++++ DATA FOR THIS TASK ++++
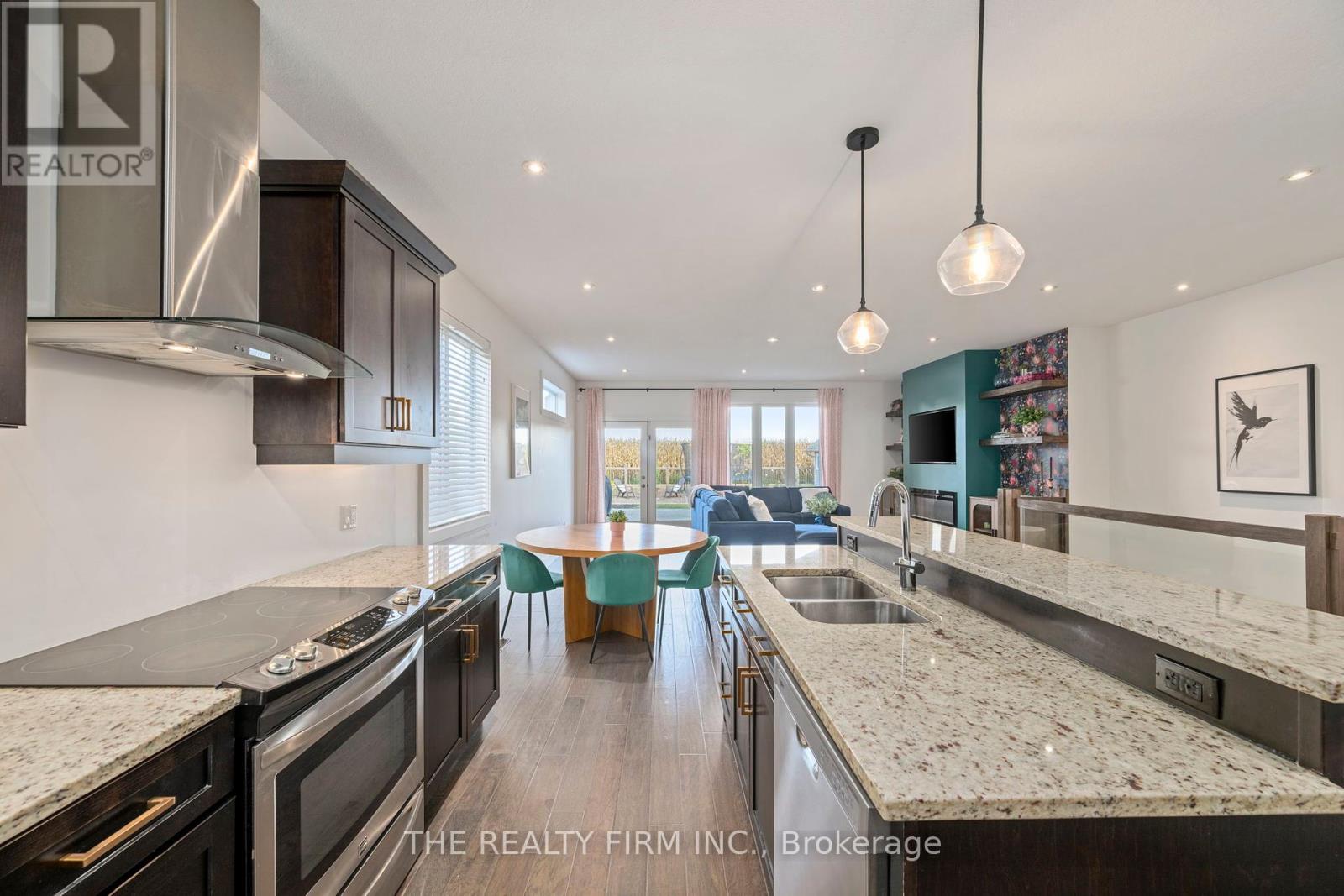 103 Leesboro Trail, Thames Centre (Thorndale), Ontario  N0M 2P0 - Photo 8 - X12460467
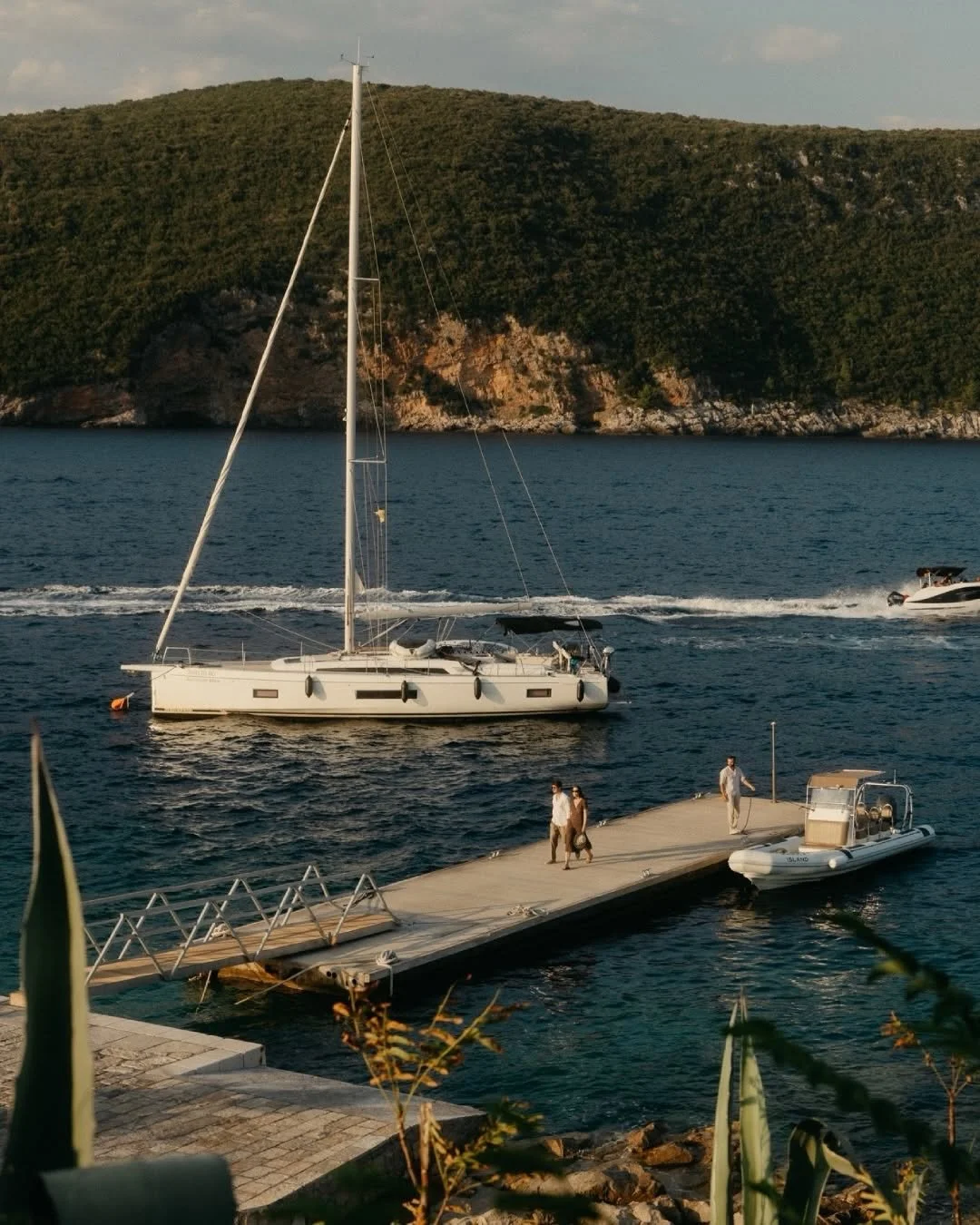 Surrounded by the cerulean waters of the Adriatic, @mamulaisland draws its rhythm from the sea. 🌊

photo credits: @mamulaisland 📸

#lifestylemontenegro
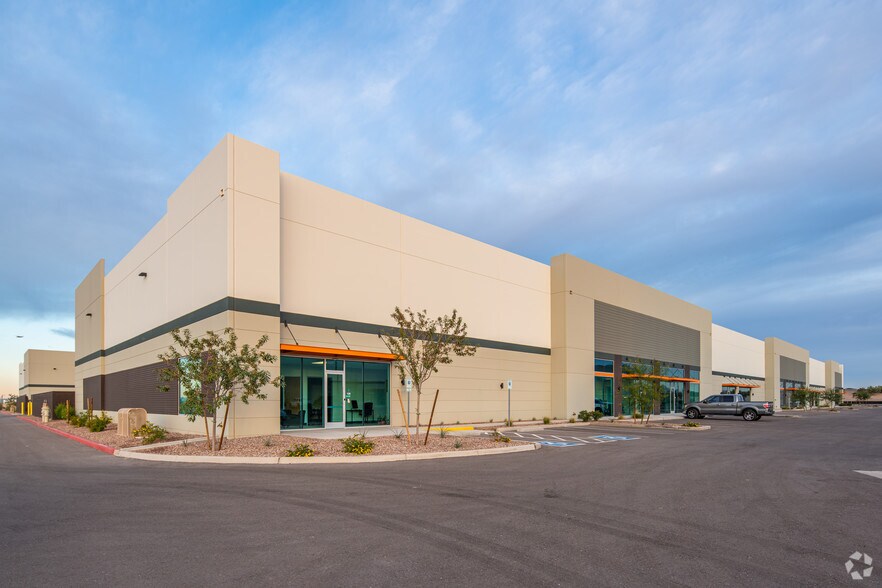 More Photos Of 7645 E Ray Rd, Mesa Warehouse For Lease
++++
WORK REQUEST >> Your answer must consist of the entries, unchanged, with no pictures in it.

ANSWER BOX >>
 103 Leesboro Trail, Thames Centre (Thorndale), Ontario  N0M 2P0 - Photo 8 - X12460467
 Surrounded by the cerulean waters of the Adriatic, @mamulaisland draws its rhythm from the sea. 🌊

photo credits: @mamulaisland 📸

#lifestylemontenegro
 More Photos Of 7645 E Ray Rd, Mesa Warehouse For Lease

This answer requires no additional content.